Data entries:
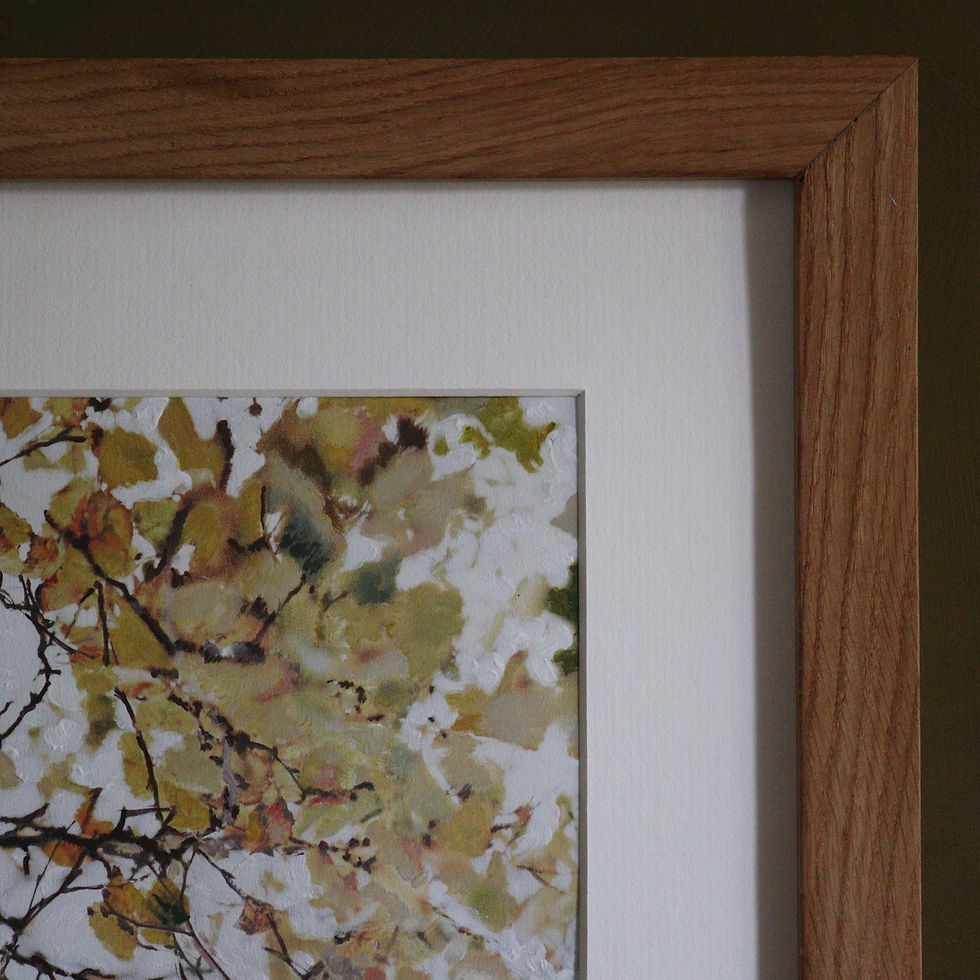 Thumbnail: 'Autumn Beech Leaves II' Painting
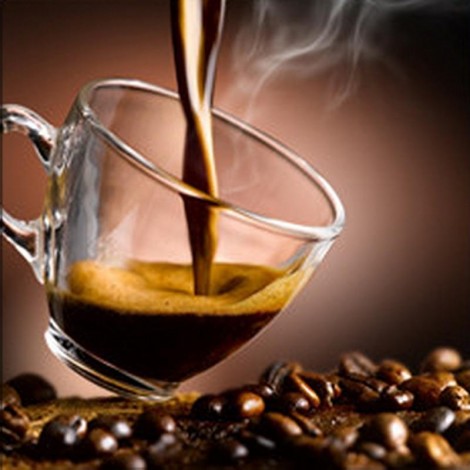 Coffee And Coffee Beans Diamond Painting Kit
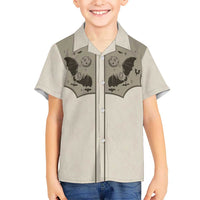 Western Gothic Yoke Hawaiian Shirt Bat And Stars - Wonder Print Shop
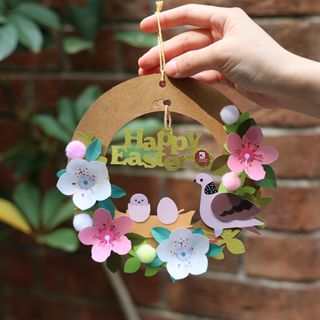 珠頸斑鳩復活節花圈DIY材料包 Spotted Dove Easter Wreath DIY Kit
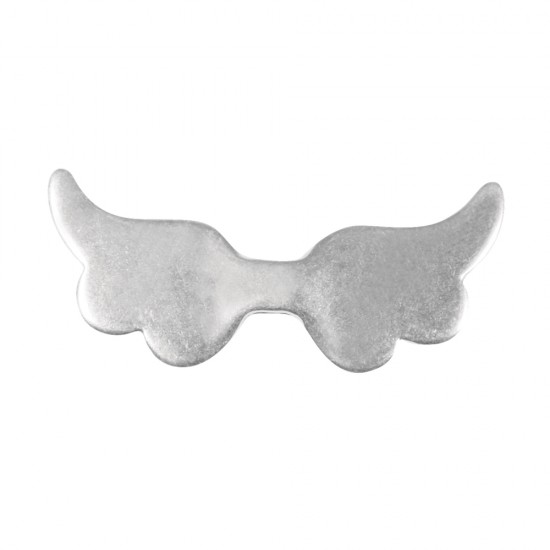 Metal-Angel wings, argintiu, 1.5x4cm, Loop 1x3 mm,tab-bag 1pc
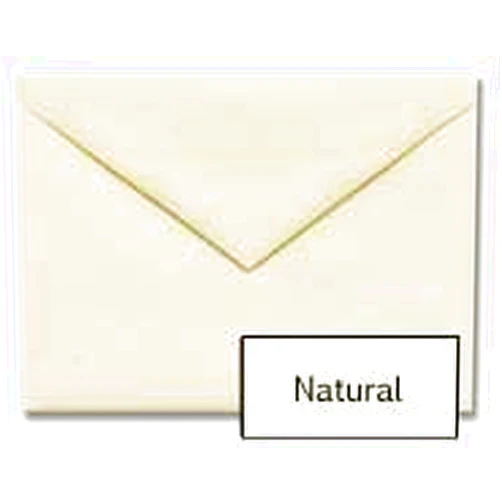 Domtar Cougar Cougar Natural 5-1/2-BAR (4-3/8-x-5-3/4) Envelopes 250-pk - 104 GSM (28/70lb Text) PaperPapers 4X5 holds paper folded 4-ways Invitation, Response and DIY Greeting Envelopes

- Required action
Where the line containing "珠頸斑鳩復活節花圈DIY材料包 Spotted Dove" appears in the records above, begin copying and continue exactly through the last line, with nothing else; omit every picture.

- Answer for the task
 珠頸斑鳩復活節花圈DIY材料包 Spotted Dove Easter Wreath DIY Kit
 Metal-Angel wings, argintiu, 1.5x4cm, Loop 1x3 mm,tab-bag 1pc
 Domtar Cougar Cougar Natural 5-1/2-BAR (4-3/8-x-5-3/4) Envelopes 250-pk - 104 GSM (28/70lb Text) PaperPapers 4X5 holds paper folded 4-ways Invitation, Response and DIY Greeting Envelopes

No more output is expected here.